Teachers in West Virginia are striking for the third consecutive day, closing schools in all of the state’s 55 counties over low pay and benefits. Their strike comes as President Donald Trump argues for arming teachers in the wake of the school shooting at Marjory Stoneman Douglas High School in Parkland, Florida, where 14 students and three teachers were killed.
The cost of arming and training teachers could run upwards of $1 billion, according to an analysis by the Washington Post. That price tag does not include the bonus Trump said teachers should receive if they agree to carry a concealed weapon.
In the meantime, West Virginia’s teachers say their pay and benefits are so low, some teachers resort to working two jobs and others qualify for food stamps.

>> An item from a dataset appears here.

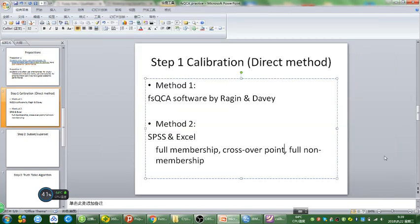Hello everybody. This is Dr. Nthu and I'm here to show you how to calibrate your variables for FSQCA. This is the second video in the same series, FSQCA data analysis.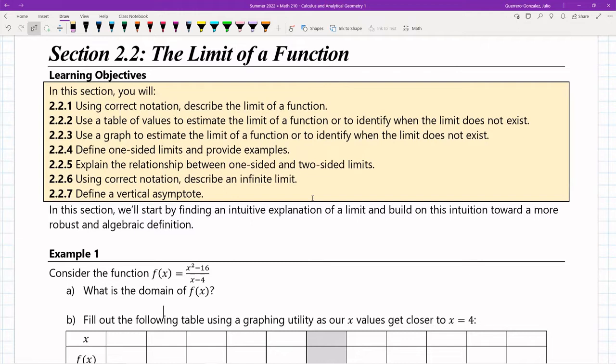This is the lecture for section 2.2, the limit of a function. A lot of what's coming up in calculus is going to require some knowledge about a limit. We're not going to get to a bona fide mathematical definition, but we'll get really close using our intuition to develop a working definition for a limit.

“You know, as a professional degreed teacher working two jobs, I qualify for [Women, Infants and Children food and nutrition service] and food stamps,” Jacob Fertig, an art teacher at Riverside High School in Belle, West Virginia, told CNN.
West Virginia teachers rank 48th in teacher pay, with an average annual salary of $45,622 in 2016, according to a report by the National Education Association. That average salary fell 0.4% from 2015, one of just five states to see a drop in average annual pay.
West Virginia teachers may not be the only public educators to go on strike. The Pittsburgh Federation of Teachers on Monday issued a 48-hour notice that members will strike unless a collective bargaining agreement is signed.